One important question here is **False negatives vs False positives**? Is it worse to falsely suggest that something is fake, or is it worse to falsely suggest that something is genuine? Probably in this system a human might be paid to read those suspicious reviews. It would be good to catch all the fake reviews, plus some genuine ones, because this is just like filtering the huge number of reviews to make a human's job easier. In this case it is better to reduce false negatives. If humans are not reviewing the system, then this would be a different situation, it would probably be better to reduce false positives.

### Recall
Of all the fake reviews, what percentage were identified as fake? This is not subject to the imbalanced
classification problem. We aim to maximise it as an indication of how well we are really identifying our fake reviews. 

We cannot focus solely on recall, because we could identify all reviews as fake and achieve 100% recall. Precision must be included in the consideration.

### Precision
Of all the reviews identified as fake, what percentage are actually fake? If we classify all reviews as fake, then our precision will be low. If we classify all reviews as genuine, then we wont have any precision either.

In our case it might be more important to have a high recall, if we don't want to miss any fake reviews.
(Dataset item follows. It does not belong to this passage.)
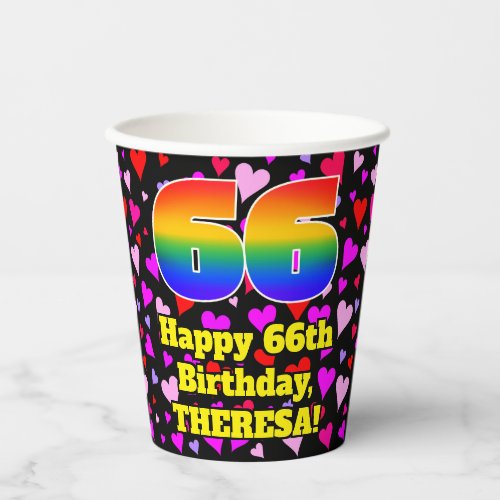 66th Birthday Loving Hearts Pattern Rainbow 66 Paper Cups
Otherwise if we want to be as accurate as possible we can balance recall and precision.

### F1 Score
This is a harmonic mean of precision and recall. Because of this it punishes extreme values such as a recall of or a precision of 0.0

This also acts as a single number metric representing precision and recall.
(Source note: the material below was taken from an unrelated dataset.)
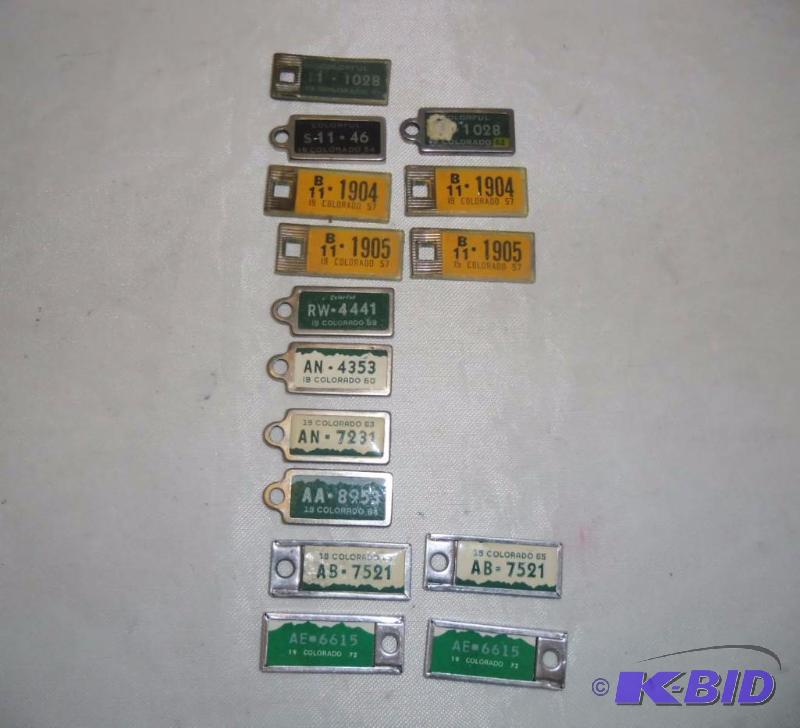 Lot 15 Old Colorado Key Chain Mini-License Plates from 1950s - 1960s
### Area Under Curve (AUC) 
This gives us a measure of discrimination, how well we correctly classify both classes. This does not use a 'Yes' or 'No' which can make it more interesting than accuracy.

At different classification thresholds, how well do we predict fake reviews as 'more fake' than genuine reviews. We plot the true positive rate against the false positive rate to get a graph. Changing the threshold allows us to create a graph because at low thresholds we will have more fake reviews, increasing the true positives rate. Decreasing the treshold means we will have less genuine reviews, decreasing the true negative rate, which therefore increases the false positive rate.
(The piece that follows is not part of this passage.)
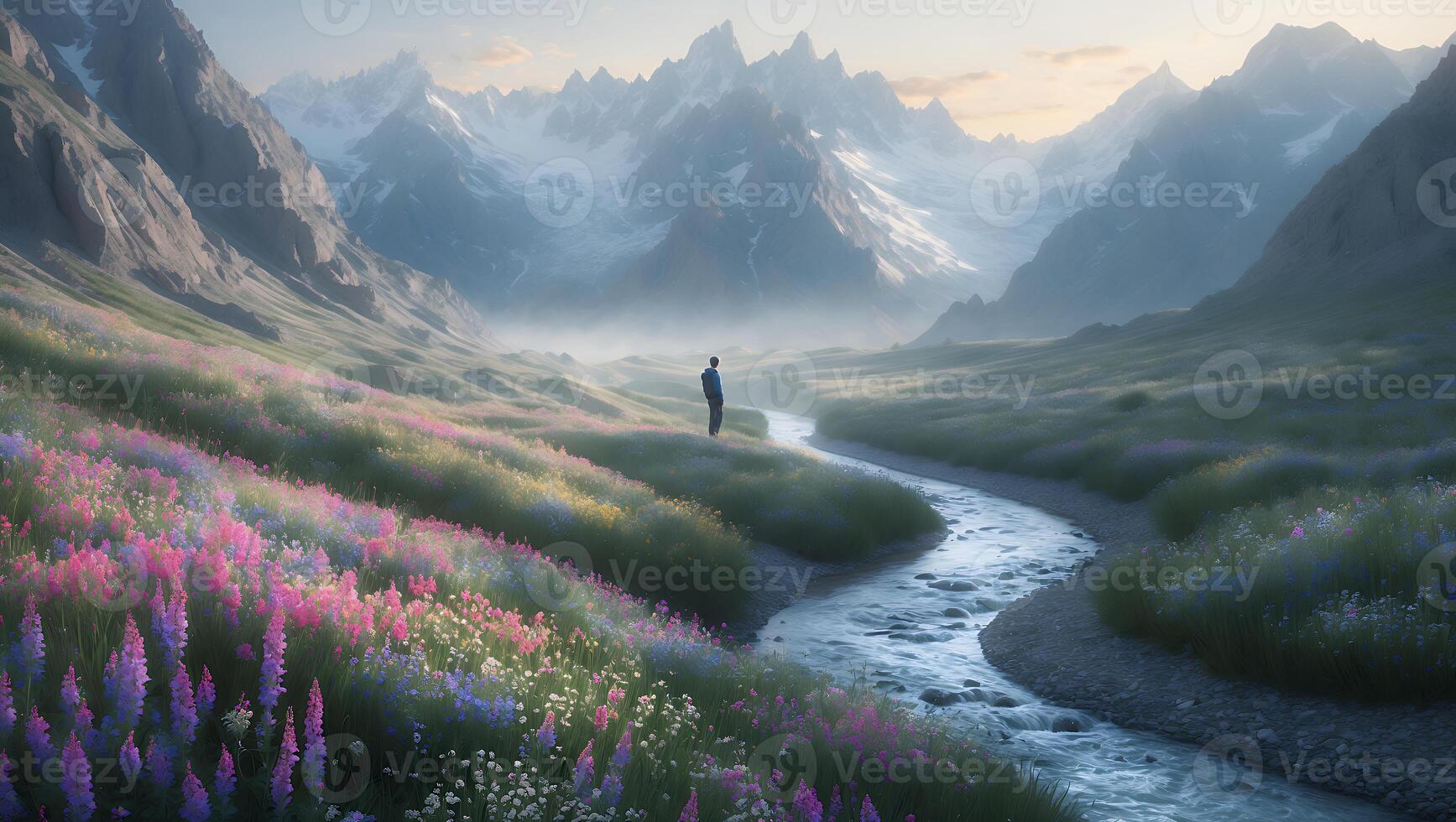 Person Gazing at Mountain Range Over a Flowing Stream and Wildflowers photo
An AUC of 0.8 means the chance of the model distinguishing positive and negative classes is 80%.

### Mean Squared Error
The average of the square difference between the original values and the predicted values. Adds focus to large errors, and is easier to compute than mean absolute error.

The closer the mean squared error is to zero the better. It incorporates the variance and the bias of the estimator

### Logarithmic loss
This takes into account the uncertainty of a prediction, taking into account how far away from the actual label the prediction is. As the probability approaches correct the log loss reduces only very little. As the probability approaches incorrect the log loss increases rapidly. This means that confident incorrect values are highly penalized.

We aim to minimize log loss.

### Cohen's Kappa
A reliability metric used when there is more than one classifier. Computes an agreement percentage of the used classifiers. It is out of scope at this stage.

SVM with a linear kernel is actually supposed to be well suited to text classification. We might however see better results if we preprocess our text to lemmatize and remove stopwords. Since bag of words is our main feature here, this should hopefully be influential. In this case we are removing all of the stopwords, which may be a bad idea. We can't know for sure unless we experiment.

In [None]:
from exp2_feature_extraction import find_words, preprocess_words
def preprocess(review_content): # Not adding bigrams yet
  return " ".join(preprocess_words(find_words(review_content), bigrams=False))

In [None]:
review_content = all_reviews[0].review_content
print(review_content)
preprocess(review_content)

In [None]:
X_lemmatized = [preprocess(x.review_content) for x in all_reviews]

In [None]:
X_set = [x.review_content for x in all_reviews[:100]]

cv = CountVectorizer()
training_X2 = cv.fit_transform(X_set)
training_X2.shape

In [None]:
from sklearn.metrics import roc_auc_score
y_true = np.array([0, 0, 1, 1])
y_scores = np.array([0.1, 0.4, 0.35, 0.8])
roc_auc_score(y_true, y_scores)

In [None]:
run_cross_validate(model, X_lemmatized, y)

This shows only a slightly better result. Perhaps the different versions of words people use are actually important, and perhaps stopwords are important here too. At least more important than other tasks, for example identifying sentiment or topic. Let's try lemmatizing, but without removing stopwords.

In [None]:
def preprocess(review_content): # Not adding bigrams yet
  return " ".join(preprocess_words(find_words(review_content), bigrams=False, stopwords=[]))

In [None]:
review_content = all_reviews[0].review_content
print(review_content)
preprocess(review_content)

In [None]:
training_helpers.get_accuracy(model, [preprocess(x.review_content) for x in all_reviews], y, 5)